Hop util model. There are two "models" of how the hop bitterness is extracted over time, during the boil, which affects the EBU calculation. The recommended (and default) model is the Tinseth model, which takes into account the gravity of the boiling wort. This was developed by Glenn Tinseth
(See his Hop Pages). The "Original" model is from an earlier BeerCalc version and is retained for backwards compatibility.
Fermentation. Information about the fermentation sequence, used for information only.
Comments. Fill these out with extra details about the process, and if any other ingredients (spices, etc) were used, so that the recipe can be recreated as accurately as possible. Other details like water treatment and so on are also interesting for readers.
Useful. To assist browsers in the recipe database it is possible to tick this box, if you (in your own opinion) have written particularly useful comments in the Comments box. This might be instructive stuff about the process, the result, or references to related recipes or brewing experiments. From the Index page, BeerCalc users can search for recipes with useful comments.
Rating. By setting the gold star (click on it) you can indicate that this is a recipe of yours that you would personally recommend to others. The star rating is visible when browsing the index. As the database contains many thousand recipes, it is useful to be able to filter out those that even the brewer would not really think are worth raving about.

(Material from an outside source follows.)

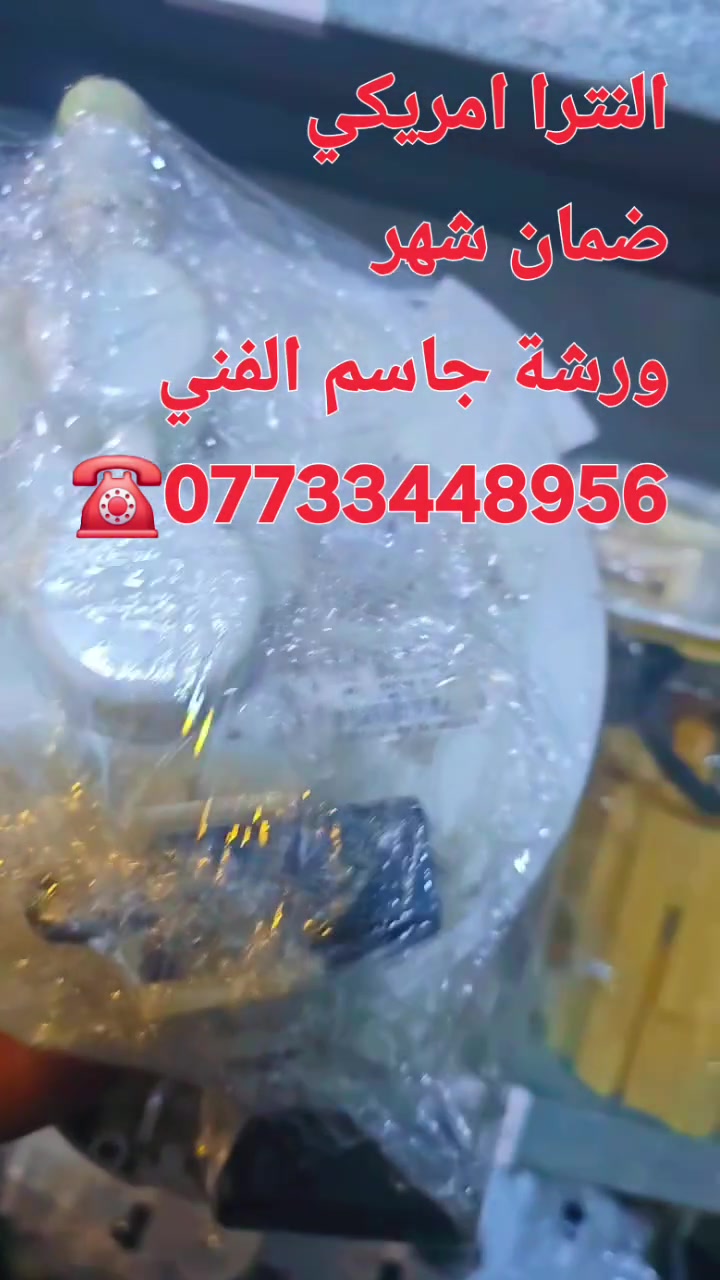 النترا • اصلي امريكي • ضمان شهر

Personal Info. Under the Personal Info menu you can select a number of options that affect how the tool works. For example, your normal brew volume and mash efficiency can be entered, along with options to automatically convert others recipes that you view to your parameters. You will also see a list of the homebrew competitions that are currently being managed using BeerCalc, and opt to have the entry information for these competitions displayed when you look at your recipes.
Convert Recipe to.. With these functions, you can change a recipe so it matches better to the amount of beer your normally brew, or adapt to the efficiency, you normally achieve (this affects the amount of malt used). Just press the desired function, and type in the data at the prompt. Note that a Volume change ought not to mean a significant change in OG, colour or bitterness - but they can be affected in a small way. Colour can be affected by a change of efficiency. However, as these calculations are at best very rough, this should not be important.
NaN. You may sometimes see this in some of the calculated fields. It stands for "Not A Number", and means that the value cannot be calculated given the existing input. For example, BU/GU will ne NaN if OG is 1000, as there would be a division by zero in the calculation.